Tim Loughton: Absolutely. That is why I said that this was a £335 million industry, so a lot of jobs will be affected, in addition to people who use the products.
What discussions took place between the Department of Health and the Commission as to the level of supposed risk and whether a full ban is appropriate for this country? How many of the 533,527 people who died in the UK in 2002, as is catalogued on the Department of Health website, died as a result of having too much Solgar's pre-natal nutrient or popping too many folic acid pills? What recorded side effects result from direct consumption of various cocktails or quantities of any of the threatened supplements? The Minister could name none. What risk assessments have been carried out, compared with the benefits that many users, such as my sportsman constituents claim to get? What are the precedents for using the positive lists on which nutrients and nutrient sources must now feature before being permissible? When did we concede the principle that all supplements are guilty until proven innocent?

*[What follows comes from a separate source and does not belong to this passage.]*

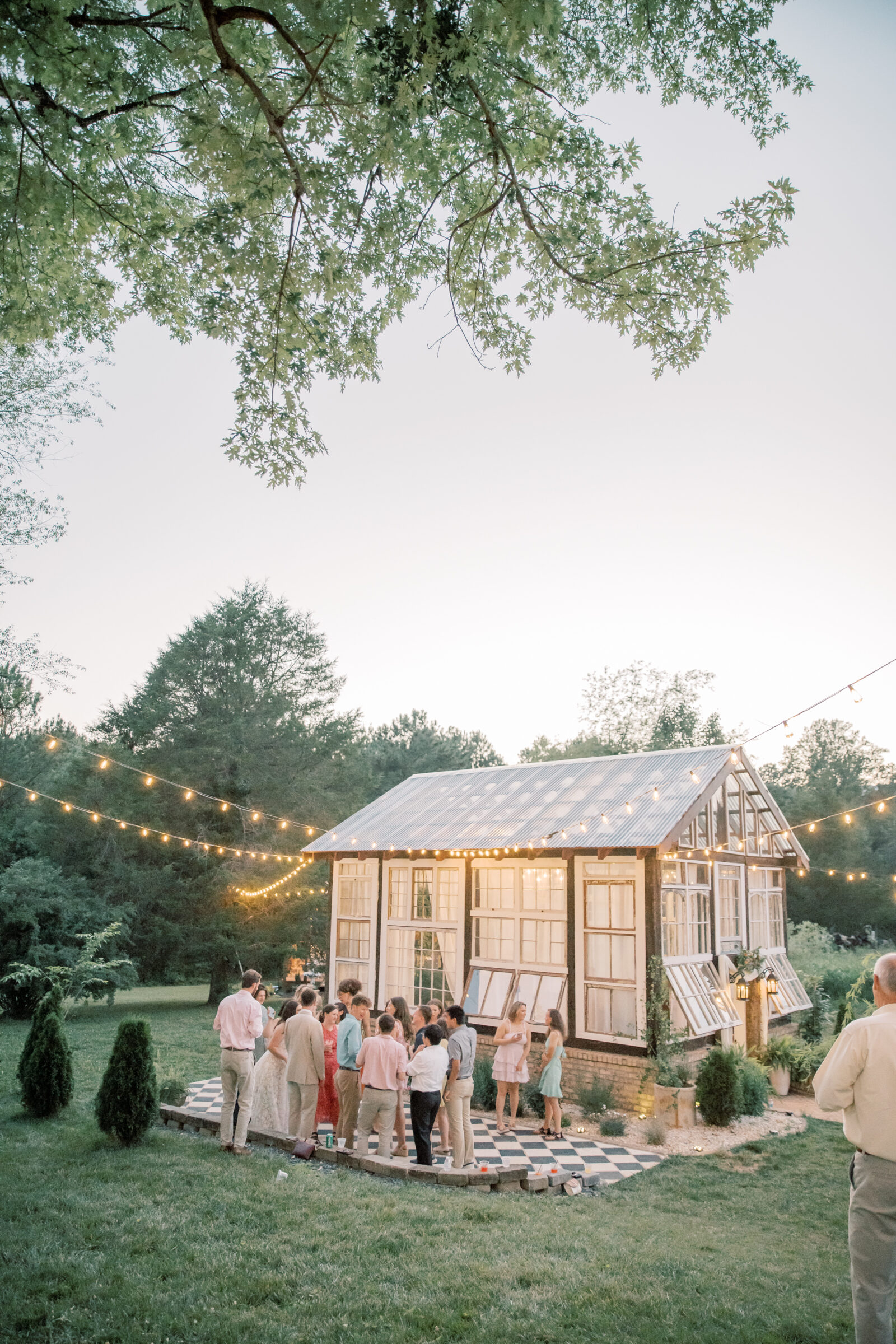 Three Oaks Manor Wedding in Madison Heights, VA | Virginia Wedding Photographer | guests on the dance floor outside of the greenhouse at Three Oaks Manor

The fact is that there is no evidence for this move and no proven danger in a harmless lifestyle choice in which millions of our constituents have opted to indulge for many years, unfettered by Government and allowed the freedom to make their own choices.
Rob Marris: Will the hon. Gentleman give way?
Tim Loughton: No, as I have very little time.
The same applied to the kava kava regulations to which my hon. Friend the Member for Bosworth referred. In Committee, we heard that that product was banned on the basis of seven cases over the past 10 or 12 years across the entire world. Not one single liver biopsy could be produced in evidence and the prime suspect was an 86-year-old who died in his sleep and had apparently taken a kava kava pill at some time in the past.
Consumers are being denied their right to take responsibility for their health by using safe and popular specialist supplements of their choice. The Government have been wholly disingenuous. When the Minister for Crime Reduction, Policing and Community Safety was an Under-Secretary of State for Health, she said:
"We must get the right balance between consumers having freedom of choice and access to a wide range of safe supplements, while making sure, crucially, that we protect public health."[Official Report, 20 January 2003; Vol. 398, c. 100.]
Where is the choice in this blanket ban? What is the evidence of danger to public health? What is proposed is grossly disproportionate. As the Leader of the House put it, the proposed ban is "unnecessary interference". As Sue Croft, director of Consumers for Health Choice, put it:
"The Government are saying one thing to consumers, to industry and to Parliament, while pursuing a quite different course in its negotiations with the EU."
The Government are being wholly duplicitous. They have the power at least to delay implementation in the UK, or they could use the UK's presidency of the EU to renegotiate the directive, as our motion states, but they refuse to do either of those things.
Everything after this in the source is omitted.